I take movies way too seriously. I don’t mean the business of filmmaking, that’s too much of a surreal farce, like a performance of Ubu Roi in a never-ending loop with Harvey Weinstein, Scott Rudin and Steven Spielberg alternating in the role of Père Ubu. I mean the movies themselves. I’m constantly relating real life to cinematic reality, a sure sign of not-so-latent mental illness. For instance, I might be in an animated conversation about my landlady, the Wicked Blais, gesticulating like a Roman trying to wiggle out of blame for a traffic accident, and I’ll say something like, “I’m just like Burt Reynolds in that scene in Deliverance when he’s down, his leg is broken, bone jutting out, and the rabid hillbillies are coming after him and he picks up his crossbow and …” All of this is to say that while I know Matt Damon is only engaged in an extended game of adult Let’s Pretend when he makes a movie, I’m a bit concerned about two of his recent choices, The Adjustment Bureau and Hereafter.
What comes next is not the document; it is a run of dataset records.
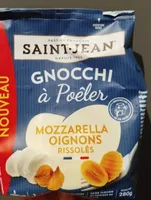 Gnocchi à poêler Mozarella oignons rissolés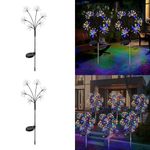 hardoll Solar Powered Decorative Fireworks Light Multicolor Waterproof for Outdoor Home Garden Pathway and Lawn(Pack of 2)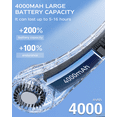 thumbnail image 5 of Neck Fan, Portable Fan, Hands Free Bladeless Fan, Rechargeable Personal Fan, 5200mAh, 360Â° Cooling, 3 Speeds Adjustable, 5 of 8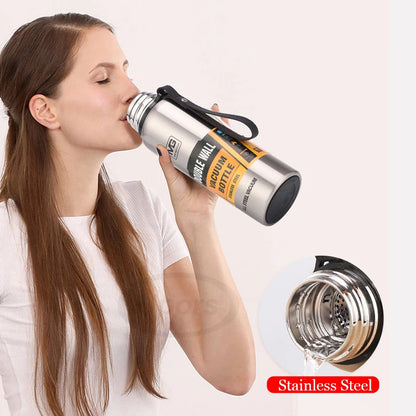 UPORS 500ml to 1500ml Stainless Steel Insulated Thermos Bottle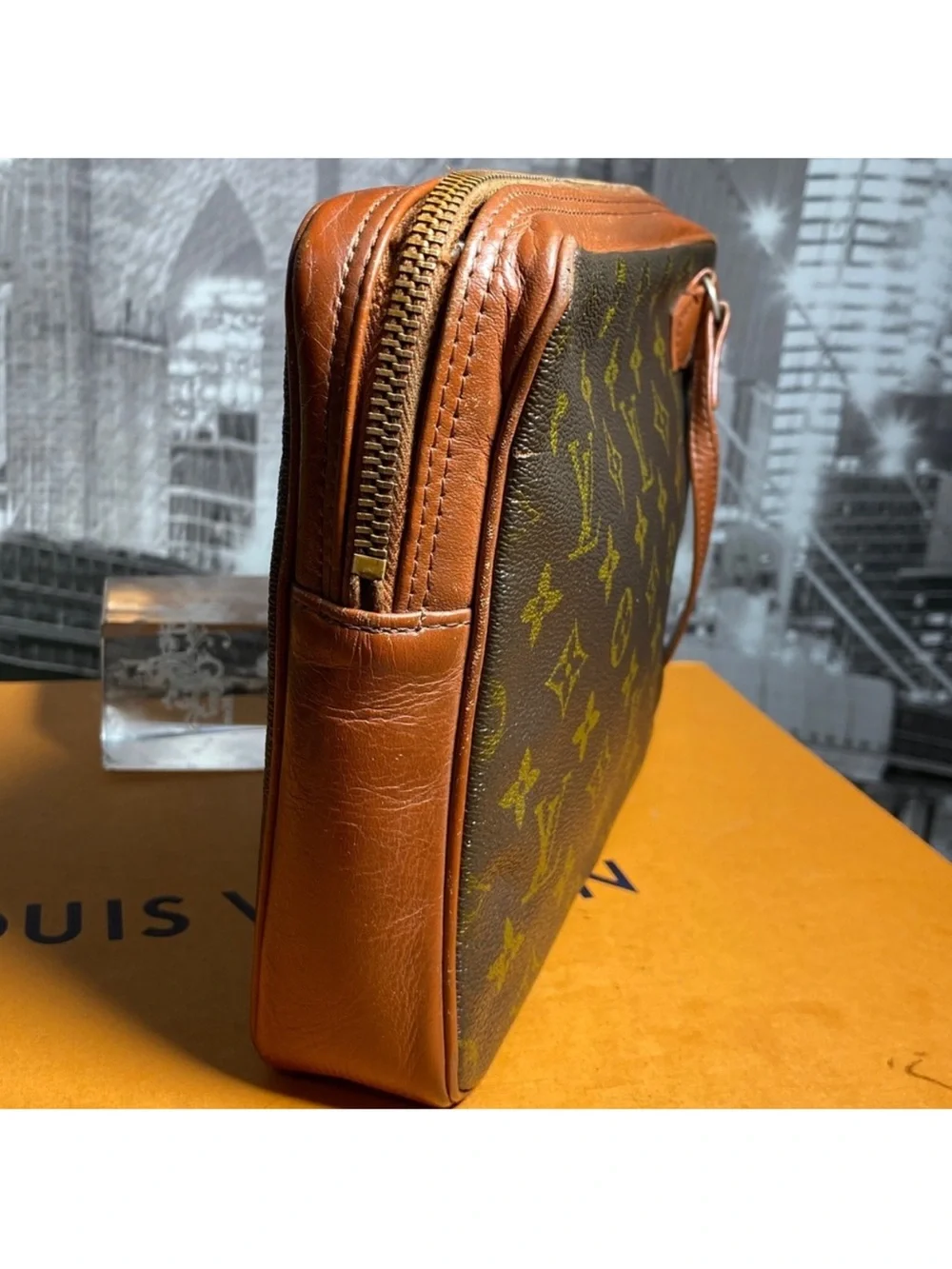 Authentic Louis Vuitton Monogram Pochette Sport PM Clutch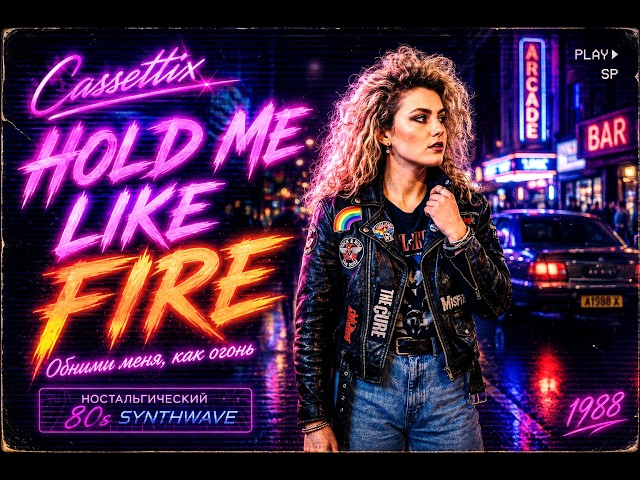 Cassettix - Hold Me Like Fire 🔥 // Обними меня, как огонь //   Retro 80s Synth Pop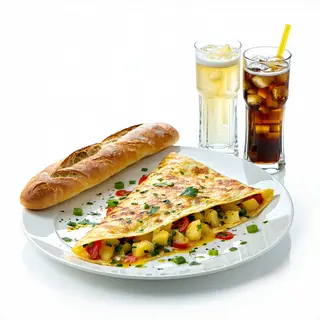 Menú De Tortilla 2 Personas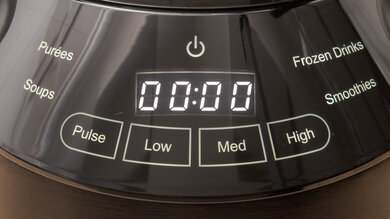 nutribullet Smart Touch Blender Combo Control Panel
I really loved the first twenty minutes of TAB. And I mean that: I more than enjoyed it, I loved it. I was smiling. I thought, Hmmm, this might shape up to be the intellectual challenge that Inception wasn’t. Then they brought God into it, and I started fiddling with my Blackberry, itching for a game of poker. (I am way down right now, over a million dollars at the World Series tables, but that’s nothing compared to the fiasco a month ago when the damned thing reset and I lost thirty-one million in a nanosecond.)
Let me jump off the rails a second to talk about Inception. I was expecting too much from a major summer release, I think. My expectations were raised even more when I had a brief scene with a showcase Cali couple just outside the Arclight Cinerama Dome in Hollywood.
“Are you going to chain your bike right there?” the She of the couple asked.
“Uh, yes, that’s right,” I replied, resisting a retort like, No, I’m just practicing public displays of light bondage with my buddy Schwinn, here. You know these Germans, so kinky.